Metode Razi ini mampu mendeskripsikan minyak seperti kerosin (naffatah) yang digunakan untuk pemanasan dan penerangan dimana hal ini tertulis dalam kitab yang ditulisnya yang dinamakan Al-Asrar (buku tentang rahasia-rahasia).
Dari buku “Al-Asrar” itu kita dapat mengetahui bahwa Razi melakukan beberapa eksperimen kimia seperti distilasi (pemisahan bahan kimia berdasarkan perbedaan kecepatan atau kemudahan menguapnya), kalsinasi (pemanasan dengan suhu tinggi) dan kristalisasi yaitu teknik pemisahan kimia antara bahan padat-cair. Semua teknik itu dilakukan lebih dari 1.100 tahun yang lalu seperti dikutip dari artikel Distillation in Muslim Civilization (2017).

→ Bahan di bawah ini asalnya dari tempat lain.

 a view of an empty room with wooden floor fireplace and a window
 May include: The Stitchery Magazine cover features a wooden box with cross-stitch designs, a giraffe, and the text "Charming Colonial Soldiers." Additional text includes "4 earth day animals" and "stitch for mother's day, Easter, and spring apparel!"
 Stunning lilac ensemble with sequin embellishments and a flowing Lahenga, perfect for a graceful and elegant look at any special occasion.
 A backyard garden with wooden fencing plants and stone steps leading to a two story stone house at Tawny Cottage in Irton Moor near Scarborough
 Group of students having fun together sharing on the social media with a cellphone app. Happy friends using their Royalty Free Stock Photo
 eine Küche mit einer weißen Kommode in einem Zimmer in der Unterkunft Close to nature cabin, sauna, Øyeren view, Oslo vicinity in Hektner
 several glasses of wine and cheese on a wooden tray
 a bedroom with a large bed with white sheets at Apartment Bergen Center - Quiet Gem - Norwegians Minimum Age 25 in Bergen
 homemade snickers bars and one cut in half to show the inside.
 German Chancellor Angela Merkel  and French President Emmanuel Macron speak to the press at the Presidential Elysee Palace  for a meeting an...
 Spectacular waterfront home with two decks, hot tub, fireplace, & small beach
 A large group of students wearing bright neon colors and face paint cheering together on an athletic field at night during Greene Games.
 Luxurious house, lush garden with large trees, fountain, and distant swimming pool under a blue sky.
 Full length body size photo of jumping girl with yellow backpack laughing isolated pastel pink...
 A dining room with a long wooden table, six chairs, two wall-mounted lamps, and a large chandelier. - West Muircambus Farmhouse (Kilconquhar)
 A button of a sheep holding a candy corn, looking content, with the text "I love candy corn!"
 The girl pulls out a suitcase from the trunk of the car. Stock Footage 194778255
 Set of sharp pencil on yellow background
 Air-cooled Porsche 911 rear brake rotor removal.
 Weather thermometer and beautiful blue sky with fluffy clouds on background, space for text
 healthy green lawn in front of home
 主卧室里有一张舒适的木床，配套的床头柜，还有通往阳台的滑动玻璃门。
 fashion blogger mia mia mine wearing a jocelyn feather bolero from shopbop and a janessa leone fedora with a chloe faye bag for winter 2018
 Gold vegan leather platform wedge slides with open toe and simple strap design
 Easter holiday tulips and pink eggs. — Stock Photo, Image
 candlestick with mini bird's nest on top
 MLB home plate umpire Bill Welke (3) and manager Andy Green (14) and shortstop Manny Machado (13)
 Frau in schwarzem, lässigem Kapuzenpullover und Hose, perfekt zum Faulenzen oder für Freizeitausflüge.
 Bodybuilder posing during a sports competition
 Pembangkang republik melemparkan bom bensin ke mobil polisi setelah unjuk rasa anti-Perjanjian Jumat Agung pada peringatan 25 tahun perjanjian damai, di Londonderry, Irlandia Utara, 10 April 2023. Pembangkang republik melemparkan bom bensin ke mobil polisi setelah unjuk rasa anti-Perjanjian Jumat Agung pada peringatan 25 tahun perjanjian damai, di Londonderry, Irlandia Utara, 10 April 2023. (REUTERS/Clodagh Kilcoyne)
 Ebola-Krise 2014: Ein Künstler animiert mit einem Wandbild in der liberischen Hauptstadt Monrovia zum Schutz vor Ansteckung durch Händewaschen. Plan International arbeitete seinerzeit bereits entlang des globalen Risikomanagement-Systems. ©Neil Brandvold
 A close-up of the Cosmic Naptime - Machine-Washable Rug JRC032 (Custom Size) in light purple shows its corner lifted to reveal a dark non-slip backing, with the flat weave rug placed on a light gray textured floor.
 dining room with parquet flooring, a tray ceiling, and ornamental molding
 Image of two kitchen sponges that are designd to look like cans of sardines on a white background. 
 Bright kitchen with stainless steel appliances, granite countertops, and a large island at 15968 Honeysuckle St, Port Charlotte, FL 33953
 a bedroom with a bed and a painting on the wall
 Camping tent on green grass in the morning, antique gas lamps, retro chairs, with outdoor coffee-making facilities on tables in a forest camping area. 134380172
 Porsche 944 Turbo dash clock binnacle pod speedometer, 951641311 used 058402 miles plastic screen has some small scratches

Selain penemuan teknik pengolahan minyak, pada masa Khalifah Al-Mansur (754-775 M) dari Dinasti Abbasiyah juga mengenalkan model awal sistem konsesi untuk kerjasama pengusahaan migas. Model konsesi yang berupa pengenaan Pajak Nafta (Naphta Tax) telah diterapkan di wilayah Baku (Azerbaijan-sekarang) yang merupakan kota penghasil minyak penting yang terjadi pada pertengahan abad ke-8. Hasil pajak digunakan untuk membangun kota Baghdad.
Pajak ini menandai munculnya pengaturan dan kontrol dari pemerintah pusat yang pertama di dunia terhadap kegiatan pengusahaan minyak di wilayahnya. Warisan Abassiyah berupa pajak atau retribusi (levy) oleh pemerintah sebagai pemilik minyak dan gas bumi ini kemudian diadopsi oleh dunia hingga sekarang seperti ditulis oleh Zayn Bilkadi dalam Land of the Naphta Fountain (1995).
Dalam hal senjata untuk peperangan, pada abad ke-9 angkatan perang Muslim juga sudah menggunakan sejumlah besar produk-produk minyak bumi yang mudah terbakar.
Dengan penguasaan teknologi ini, maka disebutkan oleh Partington, J.R : A History of Greek Fire and gun powder” (1960) bahwa di saat sebagian besar orang Eropa masih menggunakan senjata tajam, orang Islam sudah mulai menggunakan senjata api (pembakar).
Teknologi Abassiyah untuk Warisan Dunia
Berbekal semua penemuan dimasa puncak keemasan pemerintahan dinasti Abassiyah di Baghdad itulah, pada abad ke-12 peradaban Islam sudah menguasai proses pembuatan minyak tanah atau minyak ringan hasil sulingan (light distillates) yang lebih dikenal dengan ‘naft’ atau naphtha itu.
Peradaban Islam telah mewariskan teknologi pengolahan aspal melalui teknologi TAQTIR. Mereka lantas menggunakan aspal itu untuk melapisi jalan selain menggunakannya untuk menyembuhkan penyakit kulit serta bahan pengobatan luka-luka bagian luar tubuh.
Seolah mengulang sejarah, kemunduran kota Baghdad masa kini akibat dirundung konflik sektarian dan eksternal berkepanjangan dari waktu ke waktu seperti mengulangi peristiwa memilukan di masa lalu.